Parlons à présent des activités de la COTU-Kenya est très impliquée dans l’éradication du travail des enfants. Selon vous, quelles solutions recommandez-vous pour protéger les enfants et faciliter l’application des conventions de l’OIT notamment la Convention 182 ?


Francis Atwoli :
En fait, lorsque la Convention n° 182 a vu le jour, nous avons été les premiers au Kenya à nous réjouir car j’étais alors Secrétaire général du Syndicat des travailleurs des plantations et de l’agriculture du Kenya – et les têtes de pont des abus sur les enfants étaient les plantations. Ces enfants qui étaient censés aller à l’école étaient forcés à travailler dans les plantations ; et je puis vous assurer que, grâce au soutien que nous avons reçu du programme IPEC de l’OIT, nous avons fait un excellent travail avec les employeurs et les travailleurs pour réduire de manière considérable le nombre d’abus dans ce domaine particulier du travail des enfants. Nous aimerions que l’OIT redouble d’efforts dans ce domaine pour que nous puissions encore progresser.
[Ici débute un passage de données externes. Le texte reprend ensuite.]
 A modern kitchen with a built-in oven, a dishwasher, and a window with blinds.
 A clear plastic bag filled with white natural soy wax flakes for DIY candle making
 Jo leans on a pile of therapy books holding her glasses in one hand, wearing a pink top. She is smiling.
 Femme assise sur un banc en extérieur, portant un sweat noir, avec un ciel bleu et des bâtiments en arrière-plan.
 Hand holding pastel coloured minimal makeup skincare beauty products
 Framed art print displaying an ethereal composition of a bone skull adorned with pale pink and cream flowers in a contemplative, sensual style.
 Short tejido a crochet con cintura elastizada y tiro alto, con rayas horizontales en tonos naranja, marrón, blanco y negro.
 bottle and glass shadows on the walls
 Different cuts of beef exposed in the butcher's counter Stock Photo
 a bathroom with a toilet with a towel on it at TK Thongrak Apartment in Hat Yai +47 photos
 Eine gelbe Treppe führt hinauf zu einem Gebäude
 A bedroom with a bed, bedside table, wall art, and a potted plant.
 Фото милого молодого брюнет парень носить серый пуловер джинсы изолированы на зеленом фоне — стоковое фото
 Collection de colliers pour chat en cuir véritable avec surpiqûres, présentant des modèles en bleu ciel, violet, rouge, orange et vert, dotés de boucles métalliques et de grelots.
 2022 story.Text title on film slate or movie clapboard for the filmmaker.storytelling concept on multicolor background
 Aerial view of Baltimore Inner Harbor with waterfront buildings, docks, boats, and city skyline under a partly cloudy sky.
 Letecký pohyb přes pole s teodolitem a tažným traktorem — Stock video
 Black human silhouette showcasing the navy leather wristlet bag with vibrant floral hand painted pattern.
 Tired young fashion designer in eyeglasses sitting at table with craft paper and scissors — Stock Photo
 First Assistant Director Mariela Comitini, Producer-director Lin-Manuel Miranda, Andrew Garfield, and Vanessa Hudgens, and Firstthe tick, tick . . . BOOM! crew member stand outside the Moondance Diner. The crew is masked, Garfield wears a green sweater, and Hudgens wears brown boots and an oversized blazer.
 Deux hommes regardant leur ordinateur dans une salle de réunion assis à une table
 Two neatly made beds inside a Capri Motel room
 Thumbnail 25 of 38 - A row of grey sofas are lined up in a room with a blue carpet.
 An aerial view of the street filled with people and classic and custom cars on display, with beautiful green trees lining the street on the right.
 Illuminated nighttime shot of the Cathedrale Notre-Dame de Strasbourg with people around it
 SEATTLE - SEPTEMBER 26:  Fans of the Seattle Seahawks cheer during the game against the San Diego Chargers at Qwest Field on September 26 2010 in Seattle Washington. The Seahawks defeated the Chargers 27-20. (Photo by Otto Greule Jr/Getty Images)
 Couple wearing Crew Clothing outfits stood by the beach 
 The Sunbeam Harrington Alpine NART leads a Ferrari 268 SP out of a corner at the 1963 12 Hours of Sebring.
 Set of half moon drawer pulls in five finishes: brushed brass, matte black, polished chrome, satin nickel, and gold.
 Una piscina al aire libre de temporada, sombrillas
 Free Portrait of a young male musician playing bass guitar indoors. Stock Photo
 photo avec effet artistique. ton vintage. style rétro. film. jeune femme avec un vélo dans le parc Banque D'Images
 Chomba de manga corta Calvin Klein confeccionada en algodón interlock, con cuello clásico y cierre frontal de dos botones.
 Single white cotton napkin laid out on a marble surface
Par ailleurs, comme je l’ai expliqué, il s’agit d’un domaine où le gouvernement est censé exercer des pressions et faire œuvre de sensibilisation au travail des enfants. Mais lorsqu’il ne dispose tout simplement pas de moyens, lorsqu’il n’attribue pas suffisamment de fonds pour établir un budget en mesure de soutenir le ministère du Travail et de s’assurer que les inspecteurs du travail interviennent partout, alors, dans d’autres domaines auxquels nous n’avons pas accès, le travail des enfants persiste. C’est pourquoi j’en appelle à l’OIT pour qu’elle mette en place un programme semblable à celui dont nous avons bénéficié au titre de l’IPEC pour prêter son concours à l’élimination du travail des enfants. Nous rejoignons également la position prise par les pays à l’appui des questions soulevées par la convention n° 182 et en faveur de l’élimination du travail des enfants à l’échelle planétaire.